One of the most exciting cards from Aether Revolt for Eternal formats is Renegade Rallier. This is a card that functions as a pseudo-Sun Titan for just 3 mana, particularly when you’ve got fetchlands to turn on the revolt trigger. The real question is this: what’s the most degenerate thing you can be getting back? Sure, just having a hybrid of Watchwolf and Wood Elves is just fine, but there’s got to be something more powerful, right? Caleb Durward may have found it.
Naya Landfall - Modern | Caleb Durward
- Creatures (26)
- 2 Ghor-Clan Rampager
- 4 Knight of the Reliquary
- 4 Plated Geopede
- 4 Renegade Rallier
- 4 Steppe Lynx
- 4 Tarmogoyf
- 4 Wild Nacatl
- Instants (8)
- 4 Lightning Bolt
- 4 Path to Exile
- Enchantments (2)
- 2 Seal of Fire
- Lands (24)
- 1 Forest
- 1 Mountain
- 1 Plains
- 1 Bloodstained Mire
- 1 Horizon Canopy
- 1 Marsh Flats
- 1 Temple Garden
- 1 Treetop Village
- 2 Sacred Foundry
- 2 Stomping Ground
- 4 Arid Mesa
- 4 Windswept Heath
- 4 Wooded Foothills
- Sideboard (15)
- 2 Ancient Grudge
- 2 Burrenton Forge-Tender
- 2 Ghost Quarter
- 2 Qasali Pridemage
- 2 Selfless Spirit
- 2 Thrun, the Last Troll
- 3 Lightning Helix
The key here is you’re able to use Renegade Rallier to re-buy fetchlands, which means you can get an additional two landfall triggers off of one Renegade Rallier. Throughout the history of Modern, landfall creatures like Steppe Lynx and Plated Geopede have been a little too anemic for the format, in large part because you’d run out of fetchlands and because they couldn’t really compete with the likes of Cranial Plating and Steel Overseer. Renegade Rallier changes all of that.
Now, you can curve Steppe Lynx into Plated Geopede into Renegade Rallier to threaten lethal on the third turn of the game. The first Steppe Lynx attack can be for four if you have a fetchland, followed by up to seventeen on the following attack if your opponent doesn’t have blockers. Even if they do, you can force them into an atrocious position or just use Lightning Bolt or Path to Exile to clear the way off of your extra land drop.
Given the most explosive decks in the format were both taken down a peg by the recent bannings, the addition of a new deck that can boast relatively consistent kills on turn three and four is a big deal. This is especially true given this deck is at least moderately resilient to both Lightning Bolt and various sweepers, provided you can leave up enough fetchlands to counter opposing removal spells.
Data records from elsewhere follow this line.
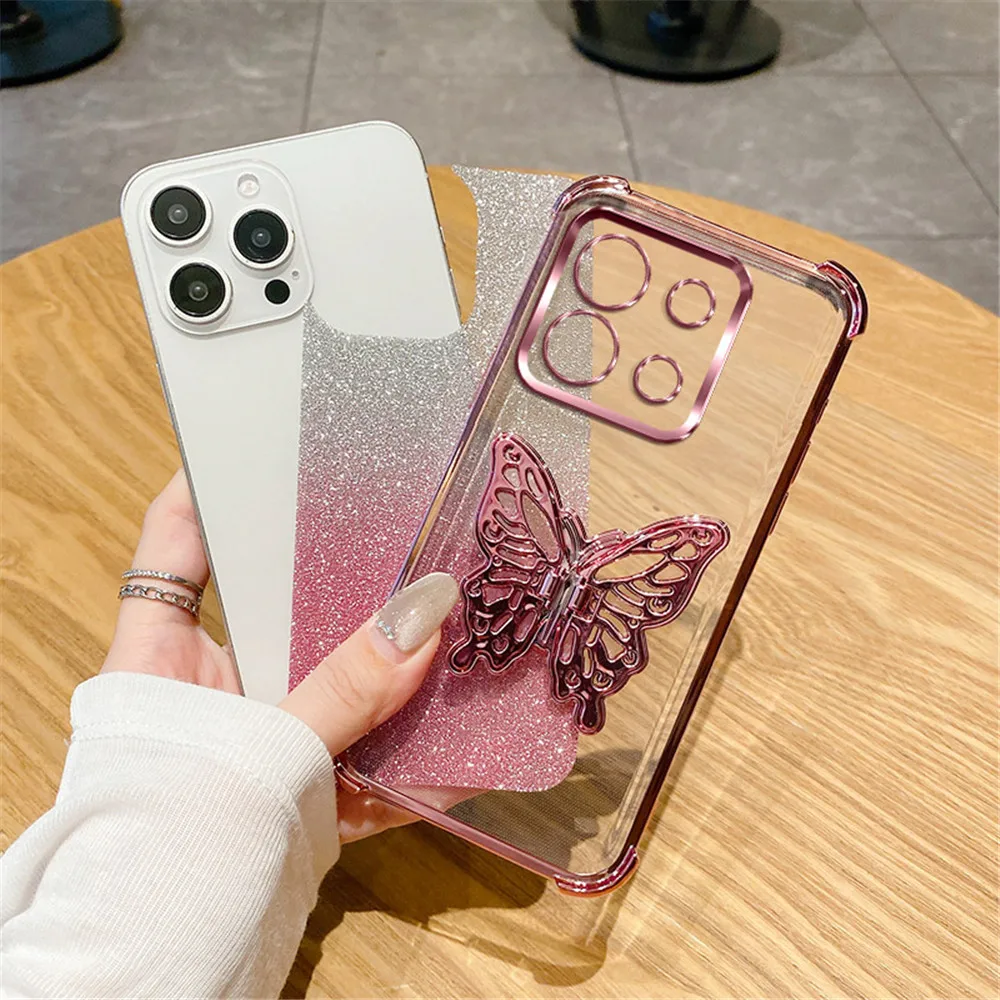 Funda de teléfono con soporte de mariposa a prueba de golpes para Xiaomi Redmi Note 14 Pro Plus 14C 4G 5G 14T POCO X7 Pro cubierta de silicona con brillo degradado - imagen 5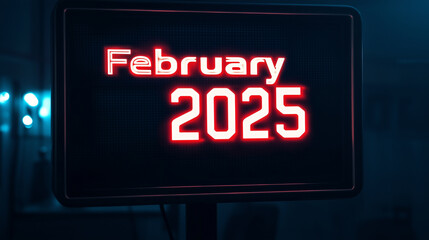 Obraz premium A crisp, clean digital screen displaying February 2025 in glowing neon font on a solid black background.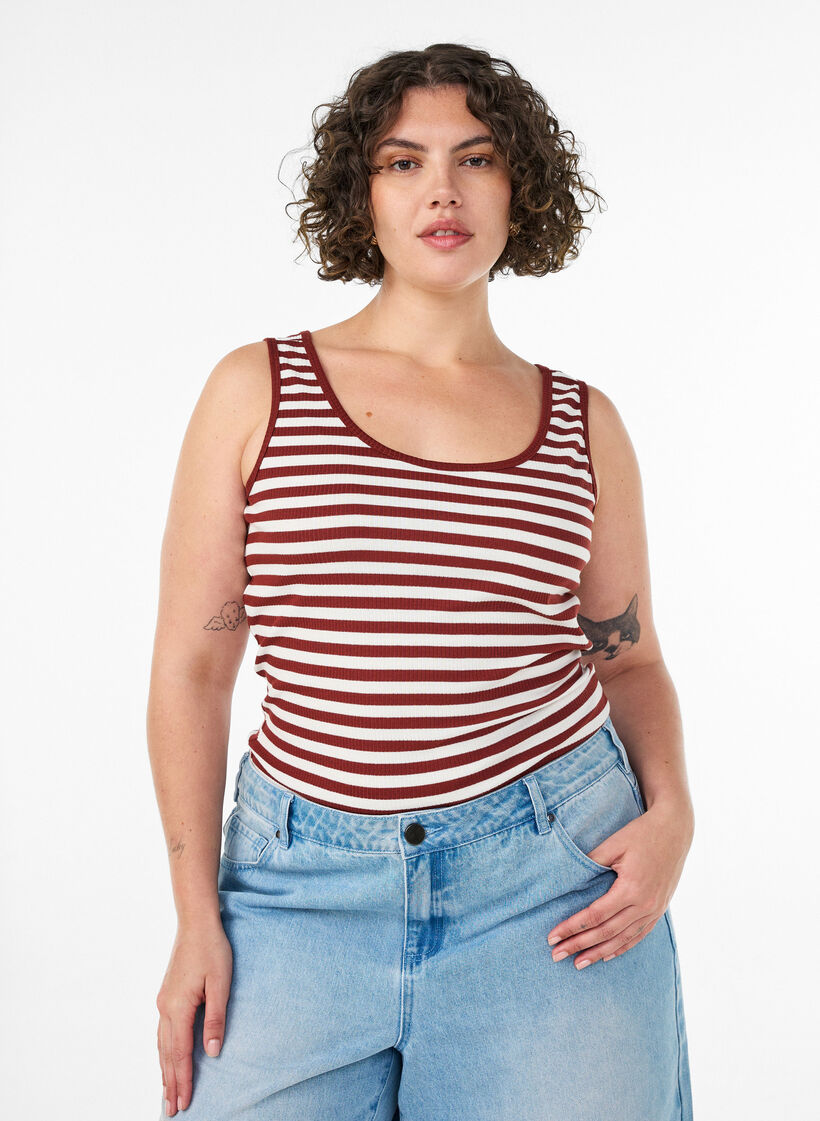 Tank top w paski o prazkowanej strukturze, Czerwony, Model image number 0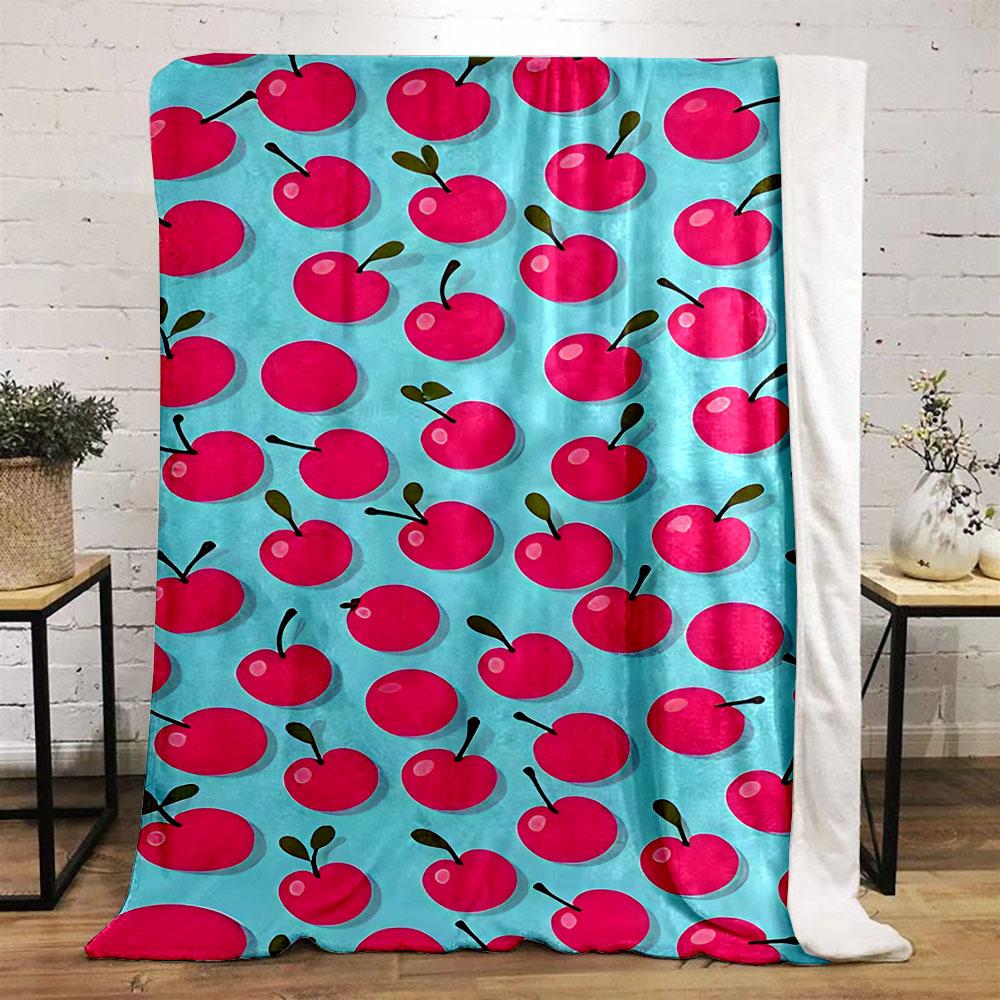 Red Cherries on Light Blue Background Patterned flannel blanket perfect for the bedroom living room, sofa, or a little nap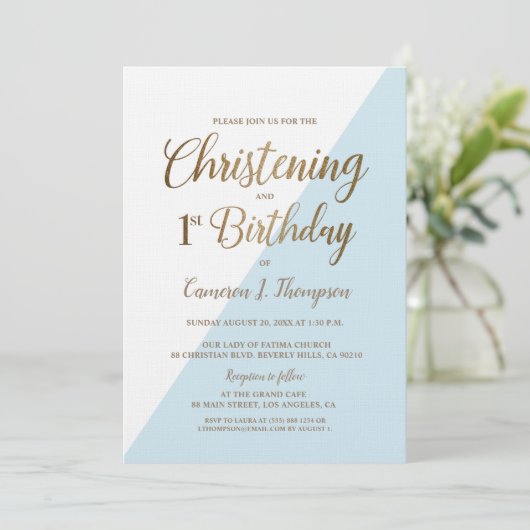 Minimal Blue Gold 1e verjaardag doop Kaart (Staand voorkant)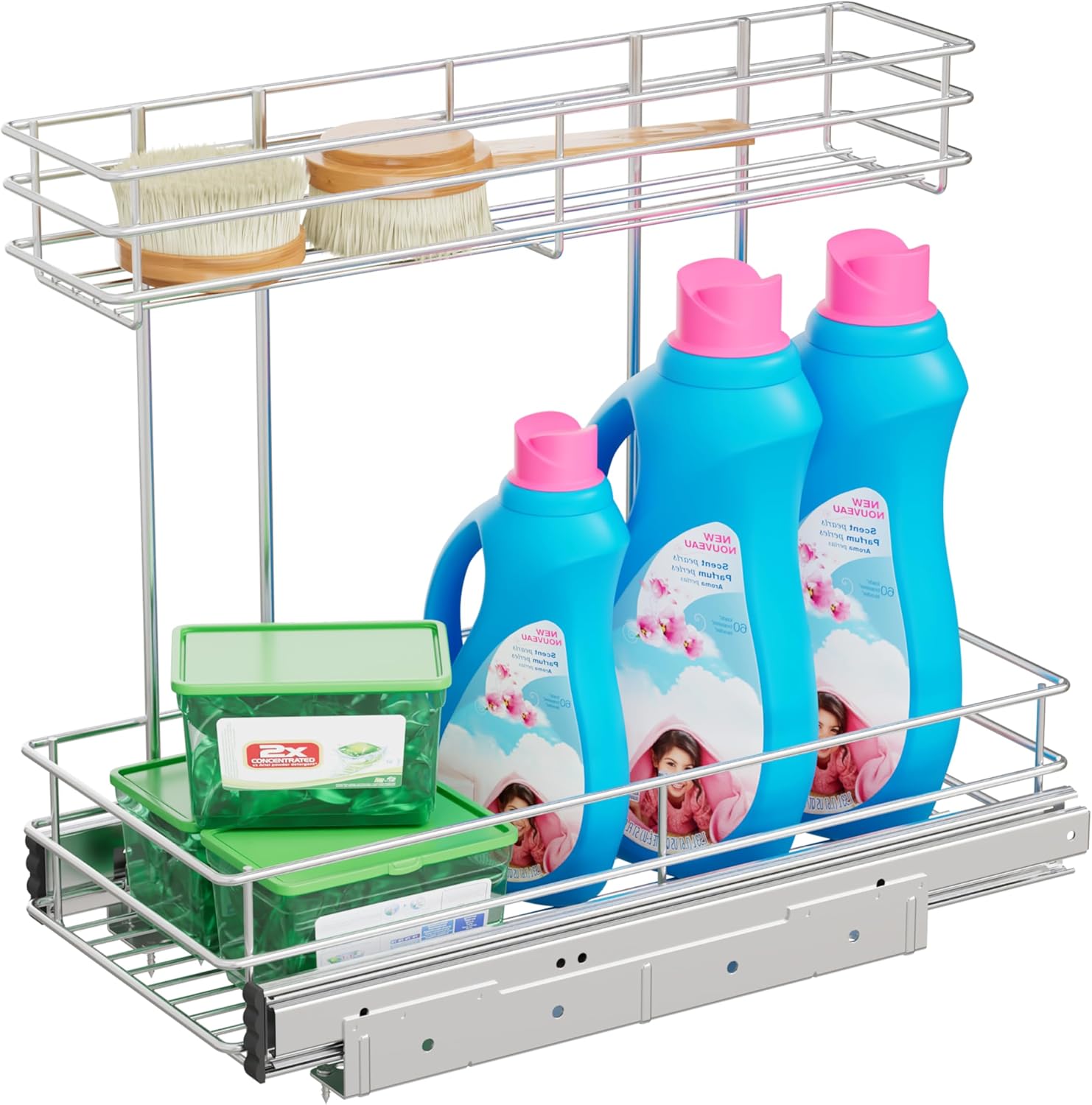 Under Sink Organizer - 2-Tier Pull-Out Cabinet Storage | Chrome Plated, 9"W x 18.5"D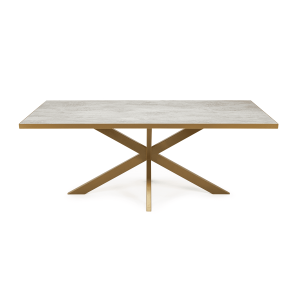 Stalux Eettafel 'Gijs' 200 x 100cm, kleur goud / beton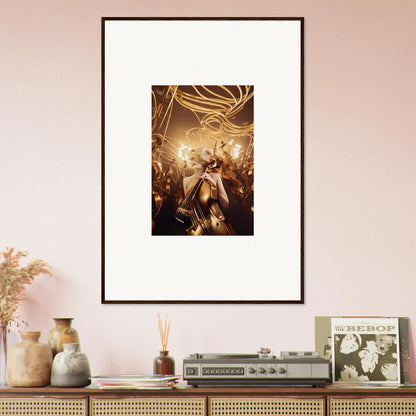 Framed wall art of a performer on stage radiating Golden Harmony Enigma energy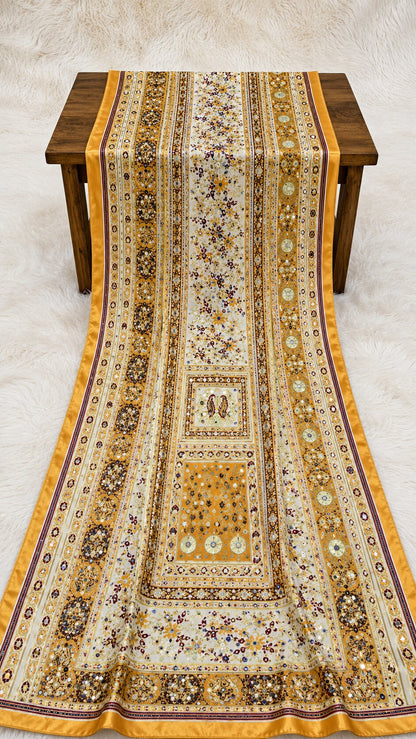 Shemoz Silk Dupatta Multi Design – Mirror & Gotta Work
That means you’re at least moderately well set up to play a slower game against the likes of Kolaghan's Command and Snapcaster Mage.
If you’re looking for a deck that is just as aggressive as Infect and Affinity, but a little more resilient to Path to Exile and less vulnerable to haymakers like Stony Silence and Melira, Sylvok Outcast out of the sideboard, this deck is may quickly become one of the most powerful strategies in the format. It’s potential is largely dependent on just how consistent and resilient the deck turns out to be, but there’s certainly enough power here to merit exploring the concept more thoroughly.